Exercise prompt :: Locate the line containing "this 400×267 image." in the data below. Reproduce it and every following line up to the end, exactly as given.

*** Records for the exercise ***

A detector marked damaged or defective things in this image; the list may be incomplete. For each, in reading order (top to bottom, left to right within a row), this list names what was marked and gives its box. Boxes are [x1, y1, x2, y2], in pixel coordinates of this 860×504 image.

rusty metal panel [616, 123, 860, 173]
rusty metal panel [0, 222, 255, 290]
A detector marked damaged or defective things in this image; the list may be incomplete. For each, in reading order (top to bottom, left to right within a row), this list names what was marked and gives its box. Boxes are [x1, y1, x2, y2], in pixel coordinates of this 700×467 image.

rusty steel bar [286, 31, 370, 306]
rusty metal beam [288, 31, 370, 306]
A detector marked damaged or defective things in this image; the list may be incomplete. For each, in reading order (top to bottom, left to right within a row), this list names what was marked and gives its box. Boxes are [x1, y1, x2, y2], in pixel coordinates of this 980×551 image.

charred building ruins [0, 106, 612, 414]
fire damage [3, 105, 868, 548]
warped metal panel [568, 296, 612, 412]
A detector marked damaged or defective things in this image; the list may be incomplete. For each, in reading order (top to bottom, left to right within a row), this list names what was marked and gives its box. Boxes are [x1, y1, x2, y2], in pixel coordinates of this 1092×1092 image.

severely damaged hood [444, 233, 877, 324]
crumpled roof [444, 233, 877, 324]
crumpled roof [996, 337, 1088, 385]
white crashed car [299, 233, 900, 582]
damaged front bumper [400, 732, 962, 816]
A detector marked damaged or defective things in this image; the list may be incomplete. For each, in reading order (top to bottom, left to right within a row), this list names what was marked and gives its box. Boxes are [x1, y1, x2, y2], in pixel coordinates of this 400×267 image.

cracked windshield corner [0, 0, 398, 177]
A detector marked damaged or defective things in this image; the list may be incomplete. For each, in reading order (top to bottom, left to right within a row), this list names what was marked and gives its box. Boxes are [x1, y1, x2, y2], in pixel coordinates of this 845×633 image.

*** End of Records for the exercise ***

Output for this exercise ::
A detector marked damaged or defective things in this image; the list may be incomplete. For each, in reading order (top to bottom, left to right within a row), this list names what was marked and gives its box. Boxes are [x1, y1, x2, y2], in pixel coordinates of this 400×267 image.

cracked windshield corner [0, 0, 398, 177]
A detector marked damaged or defective things in this image; the list may be incomplete. For each, in reading order (top to bottom, left to right within a row), this list names what was marked and gives its box. Boxes are [x1, y1, x2, y2], in pixel coordinates of this 845×633 image.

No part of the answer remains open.